Capítulo VII
Entraron en la
muy humilde vivienda de los Dupont, que estaba compuesta por un pequeño salón
comedor y una única habitación.. De inmediato Jonathan y Amos se apostaron tras
las pequeños ventanucos que flanqueaban la puerta de entrada, con sus armas
prestas para la acción y vigilando la calle como halcones. Shi Kwei llegó hasta
la habitación, siguiendo al joven Pete. Desde el hueco sin puerta, corrió la
cortina que servía de separación. Allí pudo ver a una bella mulata de grandes
ojos negros. Se acurrucaba en una esquina de su camastro, cubierta por una
manta de parches en la semioscuridad del lugar. Era joven, poco mayor que ella
probablemente. Estaba muy asustada, se veía el miedo en sus ojos. Shi trató de
transmitirle algo de calma, asegurándole que estaba a salvo con ellos.
—Mi hermano
Germaine está ahí fuera con Rosalie. Fue a llevarla al doctor —dijo Marguerite
evitando hablar de lo que les podría haber pasado.
—Tranquila, lo
más seguro es que se encuentren bien. Habrán buscado refugio al oír los disparos
y pronto estarán aquí.
Shi Kwei sabía
que sus palabras eran más por dar consuelo que porque tuviera la certeza.
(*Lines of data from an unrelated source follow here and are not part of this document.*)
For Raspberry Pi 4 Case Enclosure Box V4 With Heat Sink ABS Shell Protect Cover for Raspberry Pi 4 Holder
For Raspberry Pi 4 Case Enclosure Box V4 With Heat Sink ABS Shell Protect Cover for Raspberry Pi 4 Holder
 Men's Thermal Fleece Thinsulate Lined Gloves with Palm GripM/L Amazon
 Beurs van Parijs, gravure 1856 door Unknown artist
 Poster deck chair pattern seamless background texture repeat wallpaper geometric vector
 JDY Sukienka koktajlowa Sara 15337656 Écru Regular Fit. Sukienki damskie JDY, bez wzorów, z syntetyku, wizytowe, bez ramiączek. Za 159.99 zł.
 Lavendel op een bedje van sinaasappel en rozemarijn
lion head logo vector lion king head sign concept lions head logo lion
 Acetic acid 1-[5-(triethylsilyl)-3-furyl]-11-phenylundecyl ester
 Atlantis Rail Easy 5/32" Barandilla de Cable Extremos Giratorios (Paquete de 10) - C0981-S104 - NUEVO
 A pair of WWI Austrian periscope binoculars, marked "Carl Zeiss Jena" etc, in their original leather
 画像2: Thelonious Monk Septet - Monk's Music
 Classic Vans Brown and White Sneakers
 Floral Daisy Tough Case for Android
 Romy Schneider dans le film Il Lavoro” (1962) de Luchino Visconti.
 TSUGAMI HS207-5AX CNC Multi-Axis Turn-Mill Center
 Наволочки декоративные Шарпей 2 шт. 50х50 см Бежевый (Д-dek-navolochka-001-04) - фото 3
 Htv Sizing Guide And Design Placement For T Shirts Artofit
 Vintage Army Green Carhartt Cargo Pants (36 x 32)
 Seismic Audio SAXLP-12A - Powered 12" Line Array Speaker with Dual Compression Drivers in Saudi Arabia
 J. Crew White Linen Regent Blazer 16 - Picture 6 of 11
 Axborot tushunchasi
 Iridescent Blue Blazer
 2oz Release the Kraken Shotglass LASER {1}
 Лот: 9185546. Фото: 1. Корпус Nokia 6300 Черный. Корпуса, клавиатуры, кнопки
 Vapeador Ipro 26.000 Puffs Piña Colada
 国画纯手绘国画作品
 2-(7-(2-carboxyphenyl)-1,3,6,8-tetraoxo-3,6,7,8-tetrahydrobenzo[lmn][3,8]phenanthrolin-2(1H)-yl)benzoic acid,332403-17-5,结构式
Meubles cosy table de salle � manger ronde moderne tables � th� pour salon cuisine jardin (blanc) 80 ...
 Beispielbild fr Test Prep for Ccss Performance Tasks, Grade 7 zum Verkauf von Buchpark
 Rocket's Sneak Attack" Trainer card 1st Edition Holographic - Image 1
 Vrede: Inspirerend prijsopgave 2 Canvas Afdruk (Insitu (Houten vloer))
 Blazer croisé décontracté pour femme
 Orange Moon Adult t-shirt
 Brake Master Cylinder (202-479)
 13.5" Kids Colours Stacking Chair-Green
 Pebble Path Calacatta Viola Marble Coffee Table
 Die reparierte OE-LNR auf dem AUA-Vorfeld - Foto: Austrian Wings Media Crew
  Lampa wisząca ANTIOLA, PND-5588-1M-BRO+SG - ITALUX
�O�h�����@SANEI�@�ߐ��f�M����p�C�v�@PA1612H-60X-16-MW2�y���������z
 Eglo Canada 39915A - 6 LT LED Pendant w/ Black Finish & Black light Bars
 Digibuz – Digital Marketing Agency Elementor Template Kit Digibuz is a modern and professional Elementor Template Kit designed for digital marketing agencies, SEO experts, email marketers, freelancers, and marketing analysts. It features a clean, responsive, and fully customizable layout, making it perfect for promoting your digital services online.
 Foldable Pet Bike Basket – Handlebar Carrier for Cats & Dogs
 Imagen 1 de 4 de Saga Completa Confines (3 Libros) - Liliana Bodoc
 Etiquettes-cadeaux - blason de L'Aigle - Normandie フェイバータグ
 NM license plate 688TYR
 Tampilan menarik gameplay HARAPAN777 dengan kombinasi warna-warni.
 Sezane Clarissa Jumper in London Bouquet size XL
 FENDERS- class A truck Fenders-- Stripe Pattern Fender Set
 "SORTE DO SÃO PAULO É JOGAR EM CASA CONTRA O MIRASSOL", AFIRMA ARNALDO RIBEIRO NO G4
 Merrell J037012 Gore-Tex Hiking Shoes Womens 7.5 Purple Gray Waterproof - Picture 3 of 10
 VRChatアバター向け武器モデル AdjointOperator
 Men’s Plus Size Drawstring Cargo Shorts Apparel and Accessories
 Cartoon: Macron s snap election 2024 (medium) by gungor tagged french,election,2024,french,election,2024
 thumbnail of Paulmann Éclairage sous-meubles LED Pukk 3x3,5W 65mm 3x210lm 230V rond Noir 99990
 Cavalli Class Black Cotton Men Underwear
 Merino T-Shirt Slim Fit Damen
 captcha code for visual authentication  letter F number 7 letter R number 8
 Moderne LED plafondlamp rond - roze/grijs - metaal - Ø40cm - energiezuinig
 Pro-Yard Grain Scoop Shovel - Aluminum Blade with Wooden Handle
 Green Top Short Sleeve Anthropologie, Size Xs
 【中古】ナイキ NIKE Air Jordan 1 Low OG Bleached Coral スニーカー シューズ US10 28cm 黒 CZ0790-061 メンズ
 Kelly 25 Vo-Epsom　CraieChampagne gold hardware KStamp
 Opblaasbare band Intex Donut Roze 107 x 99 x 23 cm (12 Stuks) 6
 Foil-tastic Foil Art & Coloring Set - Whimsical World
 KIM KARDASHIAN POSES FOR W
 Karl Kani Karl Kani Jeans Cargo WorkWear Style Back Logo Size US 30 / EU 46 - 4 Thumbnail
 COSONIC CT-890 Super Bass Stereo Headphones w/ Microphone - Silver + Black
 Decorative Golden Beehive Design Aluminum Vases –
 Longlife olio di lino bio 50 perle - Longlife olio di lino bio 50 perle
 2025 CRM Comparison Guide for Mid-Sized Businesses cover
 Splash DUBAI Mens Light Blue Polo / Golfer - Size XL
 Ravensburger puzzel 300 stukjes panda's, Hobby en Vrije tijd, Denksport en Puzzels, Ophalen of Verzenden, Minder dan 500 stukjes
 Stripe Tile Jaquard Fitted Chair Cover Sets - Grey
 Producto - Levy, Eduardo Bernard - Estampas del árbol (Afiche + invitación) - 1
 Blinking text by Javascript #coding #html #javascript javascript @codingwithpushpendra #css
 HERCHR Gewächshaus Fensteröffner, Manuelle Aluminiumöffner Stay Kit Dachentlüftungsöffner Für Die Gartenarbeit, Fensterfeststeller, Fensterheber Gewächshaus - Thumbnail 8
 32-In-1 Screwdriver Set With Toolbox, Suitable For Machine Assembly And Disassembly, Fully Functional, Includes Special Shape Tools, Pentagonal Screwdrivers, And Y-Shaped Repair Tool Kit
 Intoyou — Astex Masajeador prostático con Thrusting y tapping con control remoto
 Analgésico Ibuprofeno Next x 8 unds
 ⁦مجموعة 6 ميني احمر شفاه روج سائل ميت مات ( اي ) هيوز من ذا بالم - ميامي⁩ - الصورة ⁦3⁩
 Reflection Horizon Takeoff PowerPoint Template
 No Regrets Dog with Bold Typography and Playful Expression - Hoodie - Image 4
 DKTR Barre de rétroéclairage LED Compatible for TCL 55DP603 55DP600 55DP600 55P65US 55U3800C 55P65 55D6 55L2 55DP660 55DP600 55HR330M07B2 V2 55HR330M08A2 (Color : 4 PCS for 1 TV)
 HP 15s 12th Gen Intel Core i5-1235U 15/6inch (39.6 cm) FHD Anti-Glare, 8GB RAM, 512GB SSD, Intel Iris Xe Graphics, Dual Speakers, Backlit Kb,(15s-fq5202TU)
Pero
era lo que la muchacha de piel canela necesitaba en aquel momento.
—Deberías curarte
esa herida —le aconsejó Jonathan a Shi, sin dejar de echar vistazos a la calle.
—Lo había
olvidado por completo —dijo la muchacha mirándose el brazo.
Marguerite le
indicó que podía encontrar vendas limpias en el cajón de una cómoda que había
pasado tiempos mejores. Shi limpió el rasguño de su carne con agua medianamente
limpia de una palangana. Dejó el ensangrentado paño en el agua, que se tornó
rojiza, y comenzó a envolver la herida con las tiras de gasa. No era tan
profunda como para necesitar costura.
—¡Atentos! ¡Ahí
vuelven esos bastardos! —advirtió Amos.
Tanto él como
Jonathan, abrieron fuego de inmediato. Los Jinetes Nocturnos volvían a por un
segundo asalto, intentando aplastar la inesperada resistencia. A estas alturas,
y con el atronador escándalo de las numerosas detonaciones, ya deberían haber
llegado las fuerzas de la ley. Pero Jonathan temía que ni estaban ni se les
esperaba; Amos en cambio, lo sabía a ciencia cierta. Nadie iba a venir a
ayudarles, y eso inflamaba aún más la rabia que bullía en su interior.
La batalla era
intensa, los Jinetes Nocturnos disparaban con todo lo que tenían. Por fortuna
el frontis de la casa era más recio de lo que aparentaba y aguantaron sin
problema la granizada de plomo. Estaban en un empate a la mexicana. Los jinetes
eran más, pero la posición defensiva les brindaba una excelente protección. La
acción se estancó, ya que ninguno de los bandos estaba en condición de avanzar.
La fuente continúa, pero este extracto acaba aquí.